Do montante que irá para o crédito habitacional, 80% terão de ser feitos no SFH, que tem taxas limitadas a até 12% mais TR. Esse ponto ficou até melhor do que o esperado pelos bancos, já que chegou a ser discutida a possibilidade de que todos os recursos fossem para o SFH e nada para o Sistema Financeiro Imobiliário (SFI), que tem juros livremente pactuados.


Ainda assim, nas operações do SFH - que a partir de agora vão financiar imóveis de até R$ 2,25 milhões - o teto de juros cria a seguinte situação: o banco, na prática, terá os recursos baratos da poupança por até sete anos e, no restante do prazo do contrato, dependerá das captações convencionais da tesouraria. Segundo uma fonte, essa situação pode dificultar a gestão de ativos e passivos das instituições financeiras.


No modelo apresentado pelo governo, o descasamento dos prazos funciona como um elemento multiplicador. “Se o banco quiser usar os recursos por mais sete anos, por exemplo, e investir os recursos livremente, precisará fazer uma nova concessão. Isso vai acelerar e aumentar o volume do crédito”, disse Guilherme Mello, secretário da política econômica da Fazenda, a jornalistas. “Obviamente, é interesse do banco fazer o empréstimo, não só para atender os seus clientes, mas também para ter a possibilidade de investir livremente o seu recurso e ganhar com esse diferencial de rentabilidade.”


O entendimento inicial dos bancos privados é que, em um ambiente de Selic baixa, o modelo pode funcionar. Porém, como esse cenário não é garantido no Brasil, o que pode acontecer é uma limitação das concessões.


Há, no entanto, a expectativa de que possa haver melhorias no desenho, já que o governo anunciou que 2026 será um período de testes. A Abecip, associação das instituições financeiras que atuam no crédito imobiliário, não comentou as medidas. A Febraban, por sua vez, deu pistas de que vê necessidade de ajustes. A entidade, que representa os grandes bancos, elogiou as mudanças no funding, mas, sem fazer referência direta ao teto de juros de 12%, disse que as taxas precisam ser “atrativas também para quem empresta”.


“É imprescindível que governo e setor privado atuem de forma conjunta, apoiando novas fontes do crédito imobiliário. Não existe solução única, mas é necessário construir caminhos sustentáveis, com políticas públicas e incentivos que estimulem o desenvolvimento de novos instrumentos financeiros”, disse a Febraban em nota.

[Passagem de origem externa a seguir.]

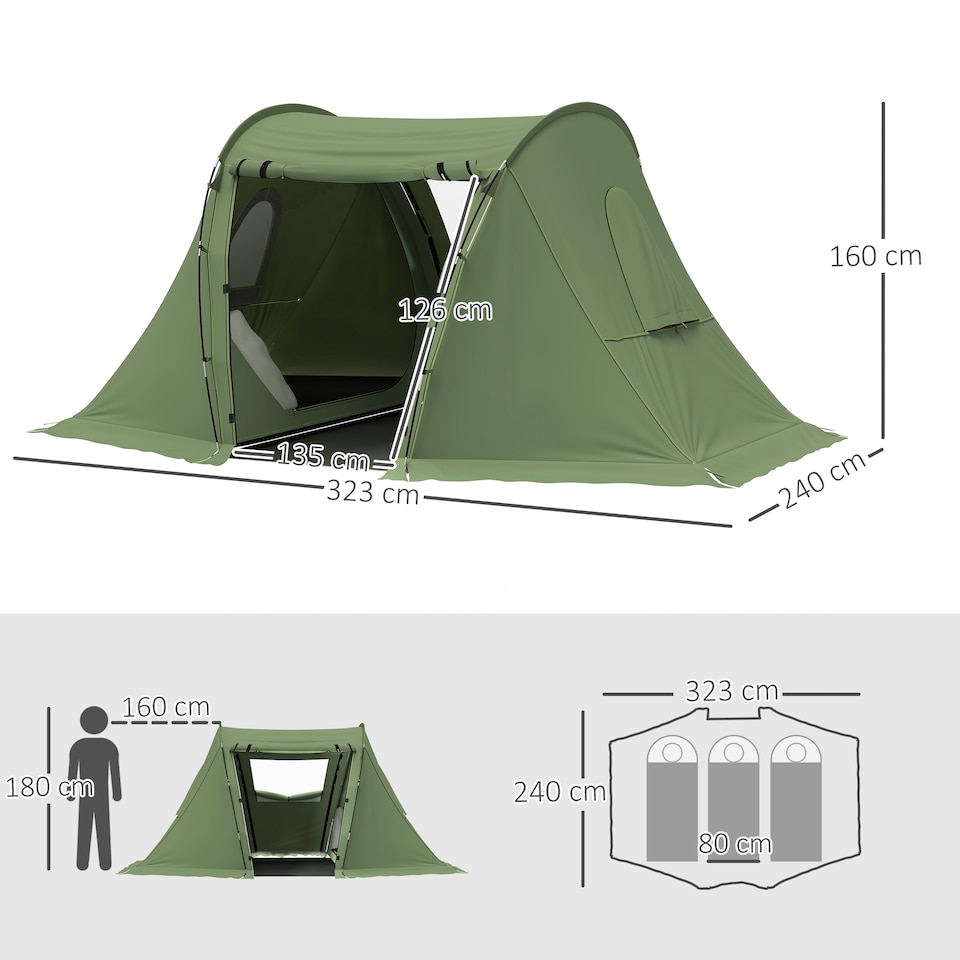 image 1 of Outsunny 3 Man Camping Tent with 2 Bedrooms, 3000mm Waterproof, Grey | Green | Green | 323L x 240W x 160H cm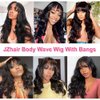 JZhair Body Wave Human Hair Wigs With Bangs Brazilian Remy Hair Machine Made O Scalp Top Wig For Black Women Remy Brazilian Human Hair Wave Wig 200% Density Natural Color 24 Inch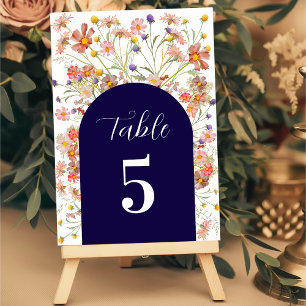 Boho Wilde Bloemen Herfst Navyblauwe Trouwdag Kaart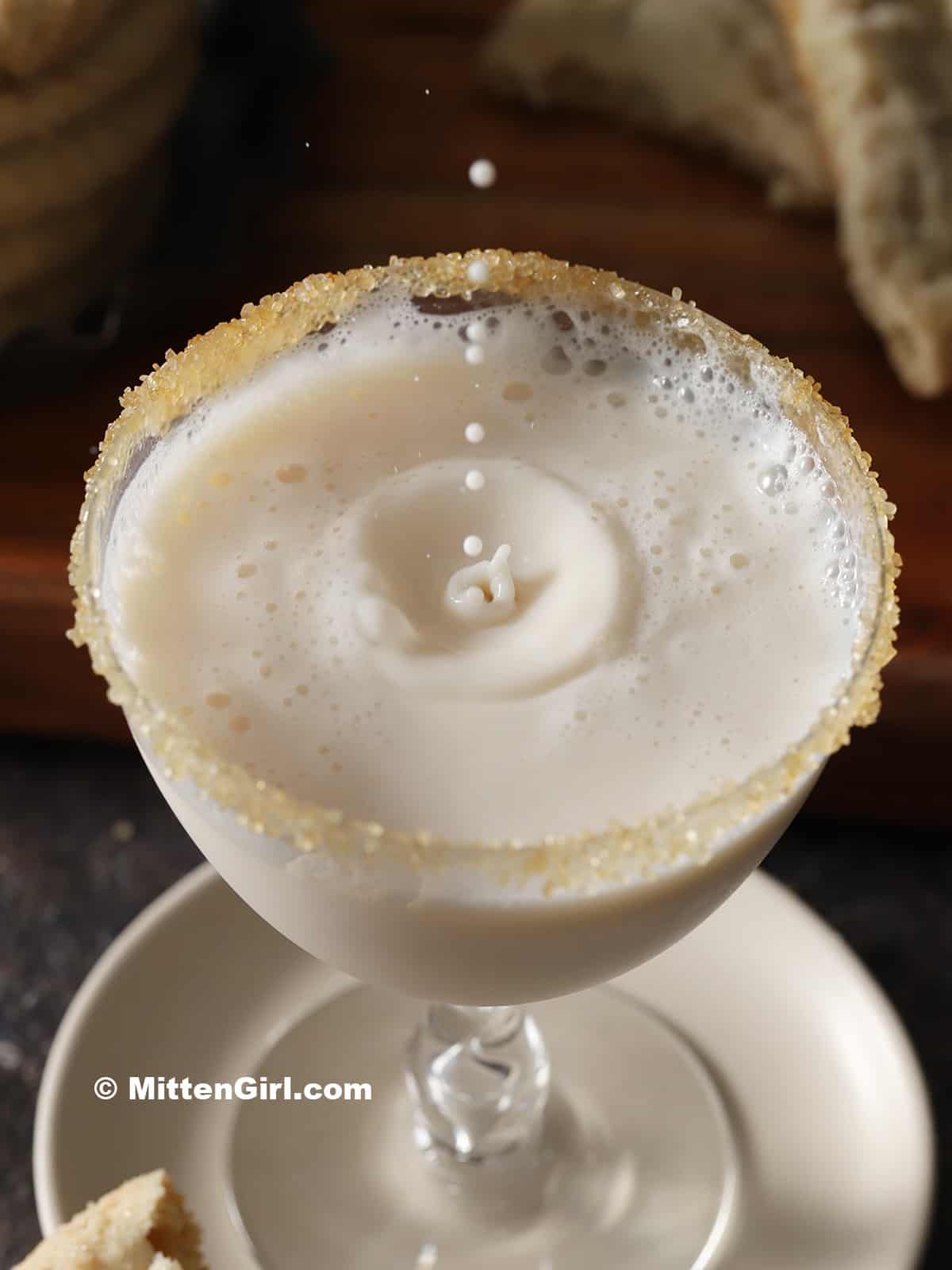 Sugar cookie martini with a splash in it.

A Associação Brasileira de Bancos (ABBC) elogiou a maioria das regras, mas fez uma ressalva sobre o teto de juros de 12%, que tende a limitar a oferta de recursos a poucos agentes. Segundo a ABBC, os estímulos restringem-se a instituições com depósitos de poupança, que têm demonstrado queda nos saldos nos últimos anos, o que limita seus efeitos. “Além disso, o teto de juros de 12% tende a limitar a oferta a poucos agentes e públicos específicos, demonstrando limitação para escoamento de recursos.”


O novo modelo de crédito imobiliário é uma aposta do governo Lula para impulsionar a compra da casa própria pela classe média. Segundo cálculos do Banco Central (BC), a reforma das regras viabilizará R$ 111 bilhões em recursos no primeiro ano - R$ 52,4 bilhões a mais na comparação com o modelo atual. Desse valor adicional, R$ 36,9 bilhões seriam liberados de forma imediata.


Para o BC, as medidas ajudam a enfrentar o desafio da redução da poupança como fonte de “funding” imobiliário vista nos últimos anos. “Não é uma solução paliativa, mas uma mudança estrutural”, afirmou Gabriel Galípolo durante o anúncio.


No desenho anterior, 65% dos recursos da poupança eram direcionados ao crédito imobiliário, 20% ficavam no BC na forma de recolhimento compulsório e outros 15% eram de uso livre pelos bancos. No novo formato, o compulsório cairá para 15% ainda neste ano e diminuirá gradativamente até zerar em uma década. O mesmo ocorrerá com a parcela de uso livre.


O modelo foi desenhado pelo BC em parceria com os Ministérios das Cidades e da Fazenda. Entidades de mercado, como as que representam o setor da construção, participaram das discussões. Haverá uma transição, com plena vigência a partir de janeiro de 2027.